● **What to work on**: Using the data below, reproduce exactly the lines from the line with "Квартира с 2" to the line with "HDF Internal Wooden Doors and Accessories", both included; pictures must be dropped.

● **Data extract**:
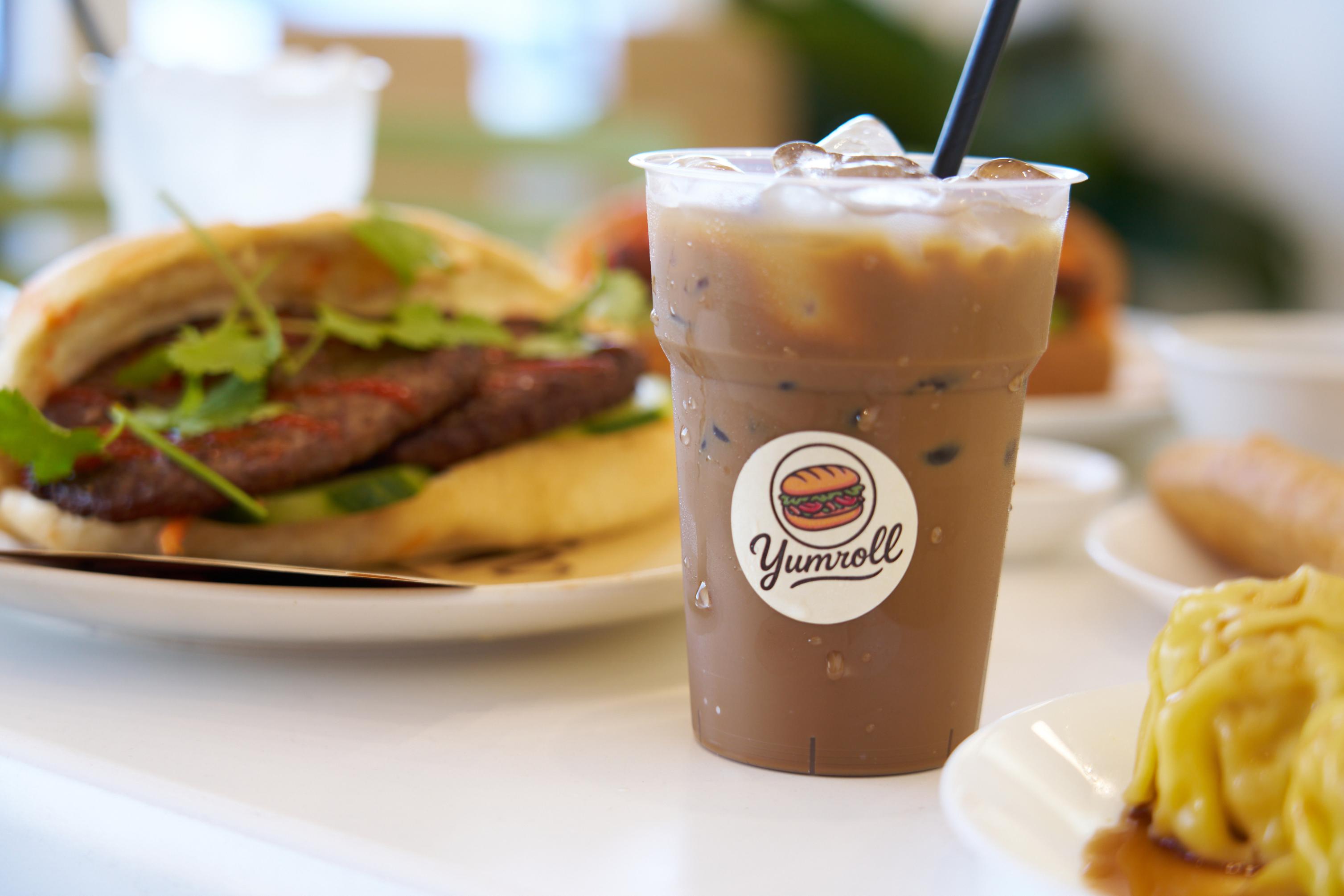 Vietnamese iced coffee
--
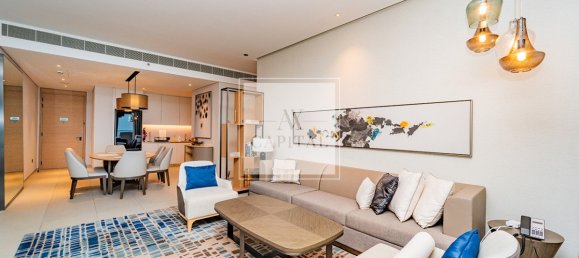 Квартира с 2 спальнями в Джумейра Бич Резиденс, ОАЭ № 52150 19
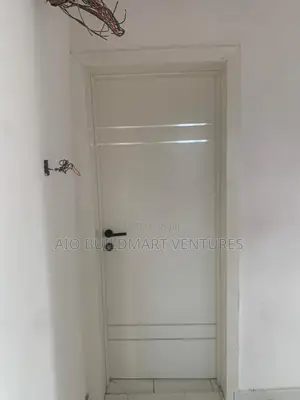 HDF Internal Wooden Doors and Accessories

● **Result of this task**:
 Квартира с 2 спальнями в Джумейра Бич Резиденс, ОАЭ № 52150 19
 HDF Internal Wooden Doors and Accessories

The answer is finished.